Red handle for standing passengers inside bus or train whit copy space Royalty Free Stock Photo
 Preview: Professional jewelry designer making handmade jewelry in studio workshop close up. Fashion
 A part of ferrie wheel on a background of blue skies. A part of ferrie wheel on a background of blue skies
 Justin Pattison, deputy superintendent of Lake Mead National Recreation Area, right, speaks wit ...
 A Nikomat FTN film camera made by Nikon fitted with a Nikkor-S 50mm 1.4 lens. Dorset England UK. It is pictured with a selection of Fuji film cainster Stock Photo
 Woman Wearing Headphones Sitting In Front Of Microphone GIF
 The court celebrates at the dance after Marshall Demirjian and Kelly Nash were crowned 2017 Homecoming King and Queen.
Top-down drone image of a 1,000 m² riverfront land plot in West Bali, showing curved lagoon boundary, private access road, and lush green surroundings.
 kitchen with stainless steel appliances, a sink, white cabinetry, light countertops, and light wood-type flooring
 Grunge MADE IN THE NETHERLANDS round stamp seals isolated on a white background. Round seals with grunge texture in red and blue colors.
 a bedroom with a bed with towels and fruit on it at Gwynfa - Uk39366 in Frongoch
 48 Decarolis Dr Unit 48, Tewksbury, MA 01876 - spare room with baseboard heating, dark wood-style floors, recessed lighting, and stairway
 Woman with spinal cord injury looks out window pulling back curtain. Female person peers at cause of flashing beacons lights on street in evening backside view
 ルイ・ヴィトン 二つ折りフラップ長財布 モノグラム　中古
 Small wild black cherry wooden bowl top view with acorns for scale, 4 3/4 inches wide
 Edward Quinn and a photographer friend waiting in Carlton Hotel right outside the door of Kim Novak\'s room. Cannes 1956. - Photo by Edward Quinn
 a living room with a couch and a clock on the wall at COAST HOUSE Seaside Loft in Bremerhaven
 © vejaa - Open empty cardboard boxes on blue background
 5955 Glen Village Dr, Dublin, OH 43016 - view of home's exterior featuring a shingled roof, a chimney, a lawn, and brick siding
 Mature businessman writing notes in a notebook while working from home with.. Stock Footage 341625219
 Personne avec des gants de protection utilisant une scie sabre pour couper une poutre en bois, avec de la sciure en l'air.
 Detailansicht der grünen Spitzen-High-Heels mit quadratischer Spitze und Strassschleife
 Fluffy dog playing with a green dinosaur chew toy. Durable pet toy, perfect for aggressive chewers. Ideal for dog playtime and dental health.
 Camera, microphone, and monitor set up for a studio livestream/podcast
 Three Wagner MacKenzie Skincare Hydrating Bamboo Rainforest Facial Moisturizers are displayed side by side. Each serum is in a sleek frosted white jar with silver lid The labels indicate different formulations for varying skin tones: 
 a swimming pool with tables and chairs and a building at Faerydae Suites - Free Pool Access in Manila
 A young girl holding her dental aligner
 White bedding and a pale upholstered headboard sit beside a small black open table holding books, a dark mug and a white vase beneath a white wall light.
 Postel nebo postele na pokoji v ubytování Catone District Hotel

━━━━━━━━

Your goal
Exactly as written, copy the lines from the one containing "a living room" to the end of the entries, both ends included.

Task result
 a living room with a couch and a clock on the wall at COAST HOUSE Seaside Loft in Bremerhaven
 © vejaa - Open empty cardboard boxes on blue background
 5955 Glen Village Dr, Dublin, OH 43016 - view of home's exterior featuring a shingled roof, a chimney, a lawn, and brick siding
 Mature businessman writing notes in a notebook while working from home with.. Stock Footage 341625219
 Personne avec des gants de protection utilisant une scie sabre pour couper une poutre en bois, avec de la sciure en l'air.
 Detailansicht der grünen Spitzen-High-Heels mit quadratischer Spitze und Strassschleife
 Fluffy dog playing with a green dinosaur chew toy. Durable pet toy, perfect for aggressive chewers. Ideal for dog playtime and dental health.
 Camera, microphone, and monitor set up for a studio livestream/podcast
 Three Wagner MacKenzie Skincare Hydrating Bamboo Rainforest Facial Moisturizers are displayed side by side. Each serum is in a sleek frosted white jar with silver lid The labels indicate different formulations for varying skin tones: 
 a swimming pool with tables and chairs and a building at Faerydae Suites - Free Pool Access in Manila
 A young girl holding her dental aligner
 White bedding and a pale upholstered headboard sit beside a small black open table holding books, a dark mug and a white vase beneath a white wall light.
 Postel nebo postele na pokoji v ubytování Catone District Hotel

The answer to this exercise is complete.